Give back every record word for word, keeping the pictures out.

* EXTRACTED RECORDS
------------------------------------

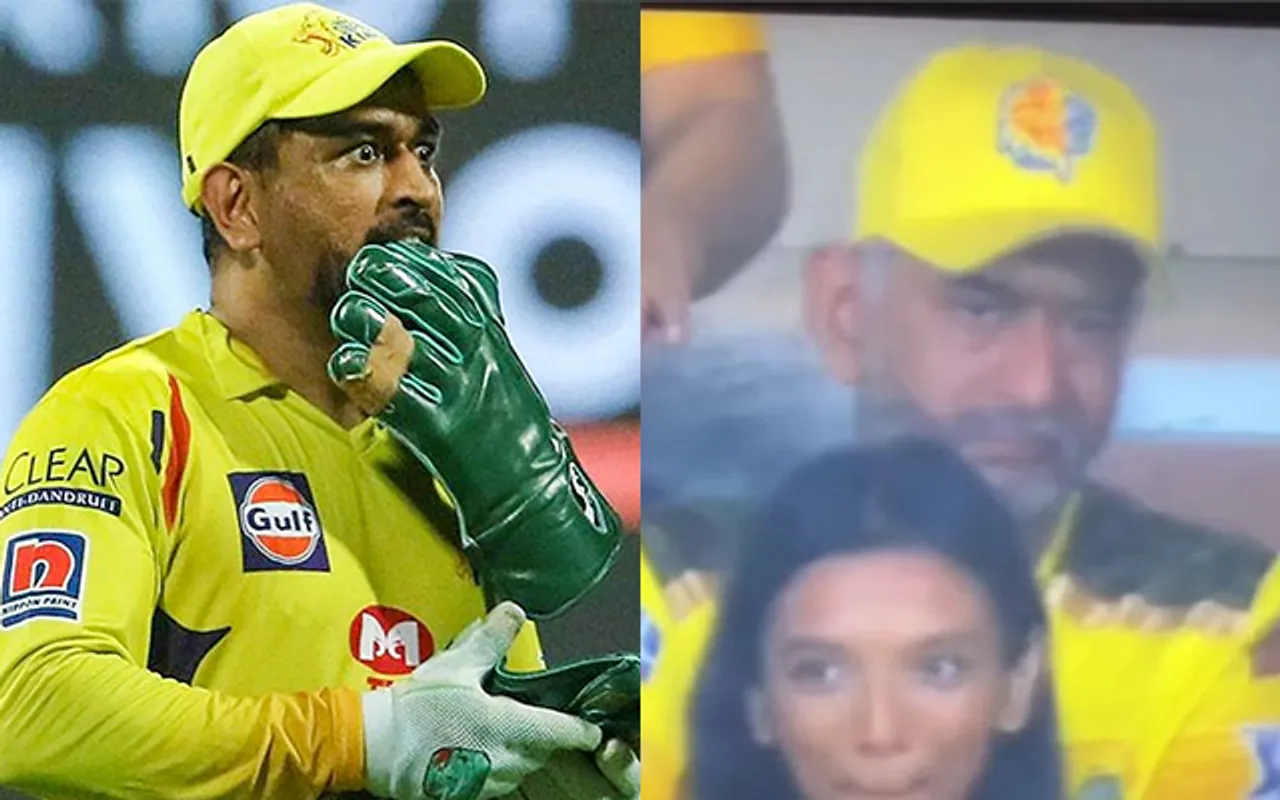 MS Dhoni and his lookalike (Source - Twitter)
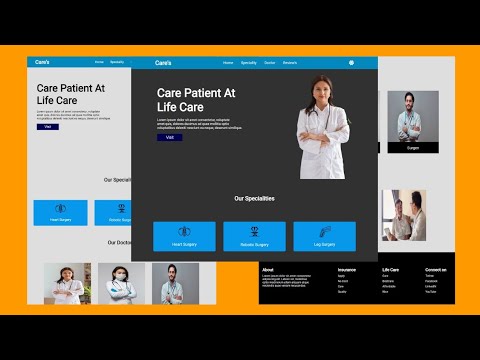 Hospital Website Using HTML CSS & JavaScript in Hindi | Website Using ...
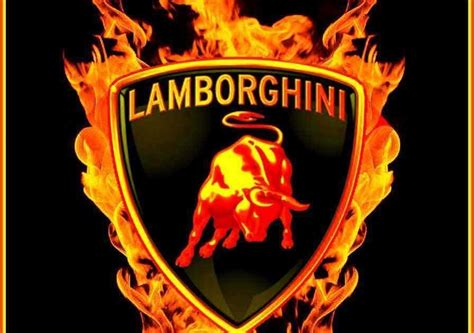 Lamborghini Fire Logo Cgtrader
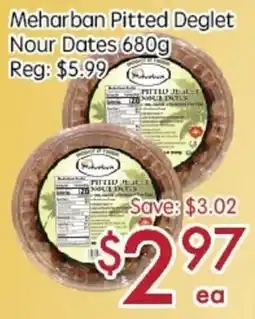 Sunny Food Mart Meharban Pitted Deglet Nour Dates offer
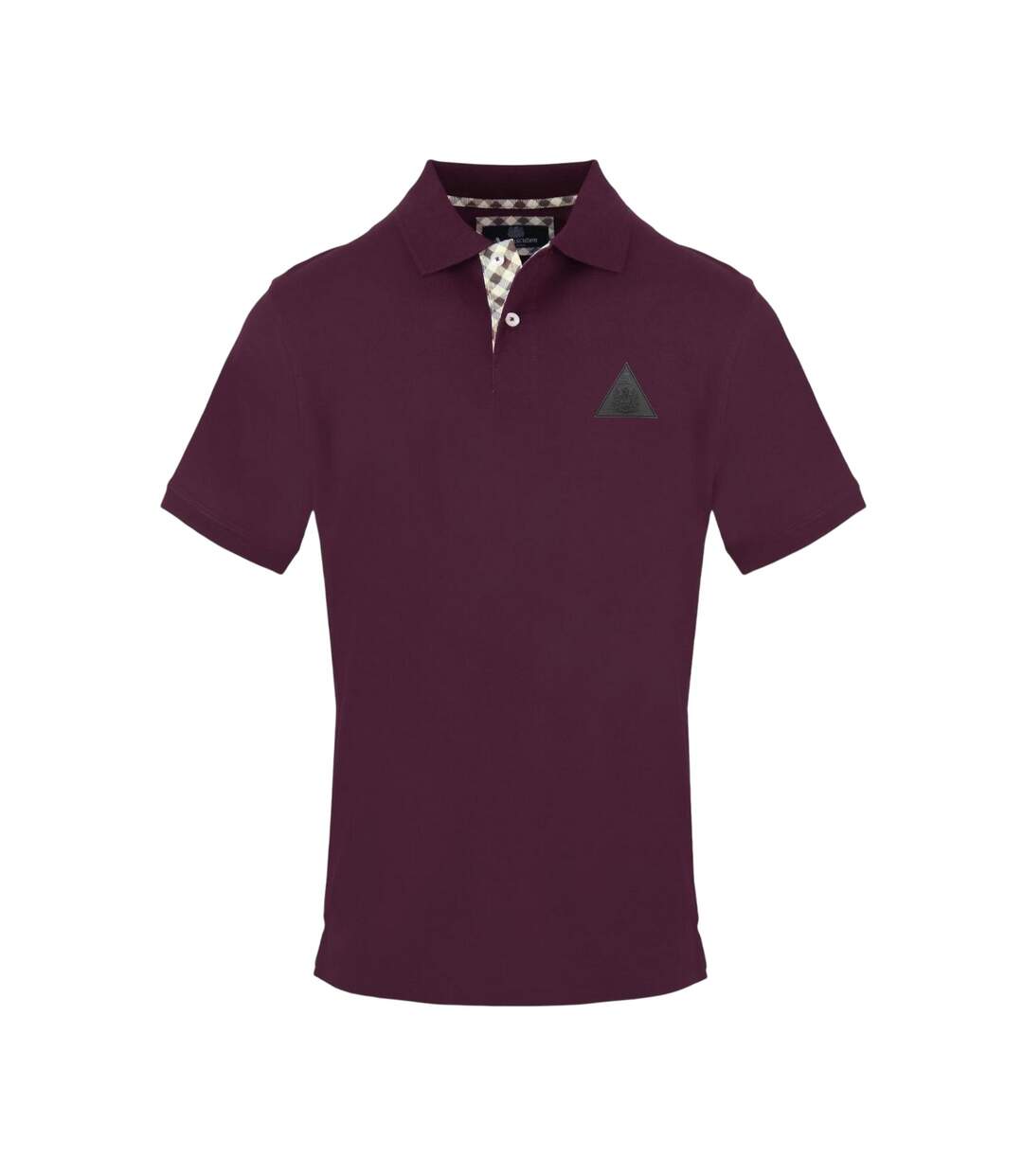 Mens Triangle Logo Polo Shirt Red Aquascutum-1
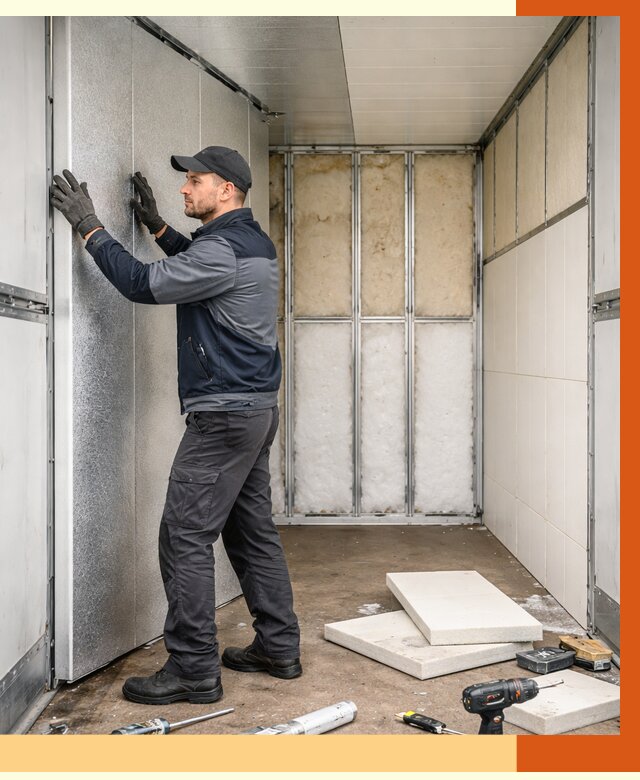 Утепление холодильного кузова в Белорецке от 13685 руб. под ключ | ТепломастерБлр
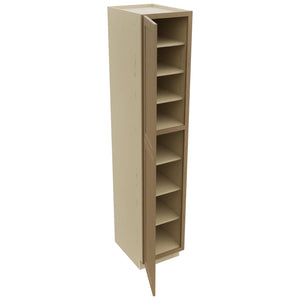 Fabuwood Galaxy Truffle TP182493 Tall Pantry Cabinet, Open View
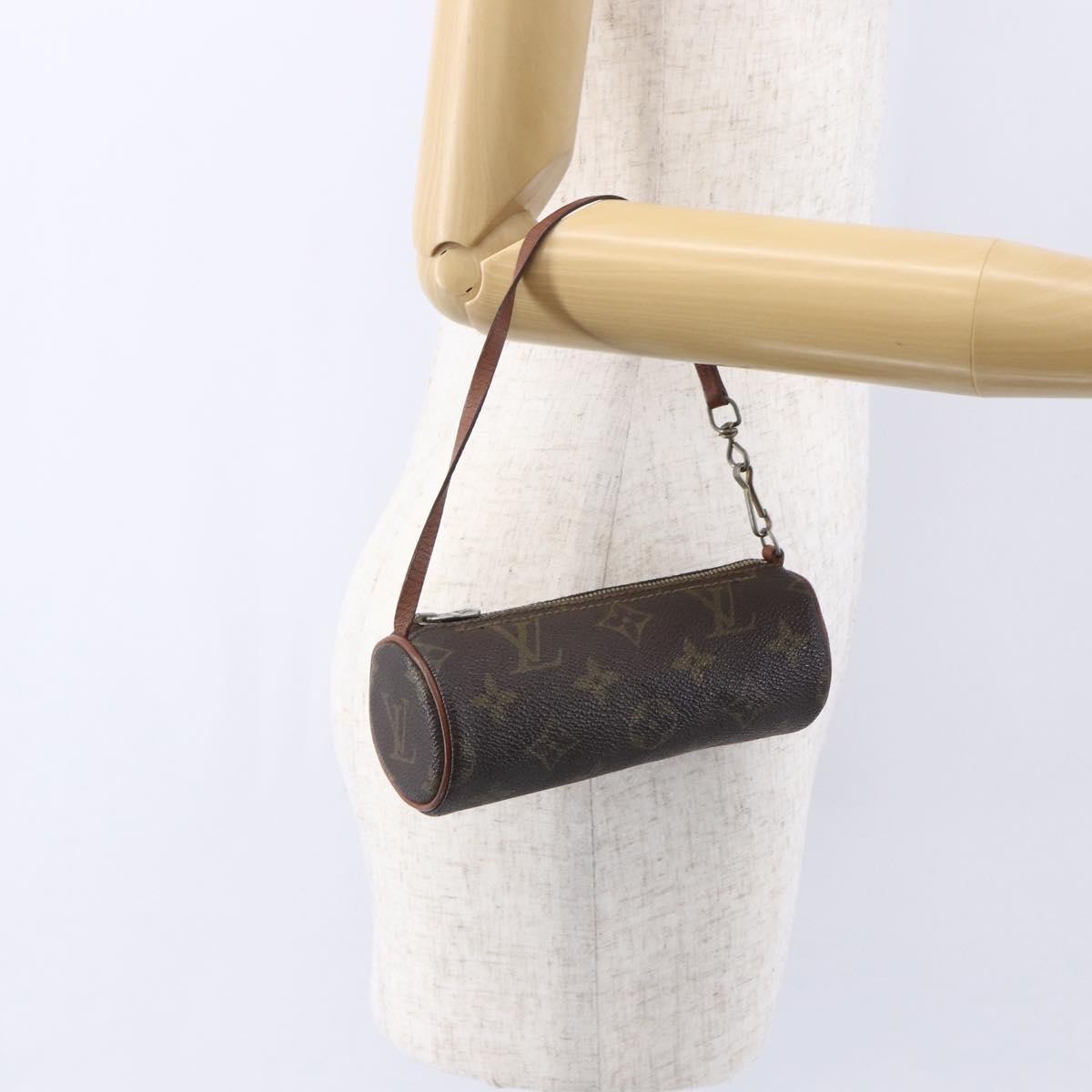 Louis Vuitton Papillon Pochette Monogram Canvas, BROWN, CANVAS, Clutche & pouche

------------------------------------

* ANSWER BOX
 MS Dhoni and his lookalike (Source - Twitter)
 Hospital Website Using HTML CSS & JavaScript in Hindi | Website Using ...
 Lamborghini Fire Logo Cgtrader
 Sunny Food Mart Meharban Pitted Deglet Nour Dates offer
 Mens Triangle Logo Polo Shirt Red Aquascutum-1
 Утепление холодильного кузова в Белорецке от 13685 руб. под ключ | ТепломастерБлр
 Fabuwood Galaxy Truffle TP182493 Tall Pantry Cabinet, Open View
 Louis Vuitton Papillon Pochette Monogram Canvas, BROWN, CANVAS, Clutche & pouche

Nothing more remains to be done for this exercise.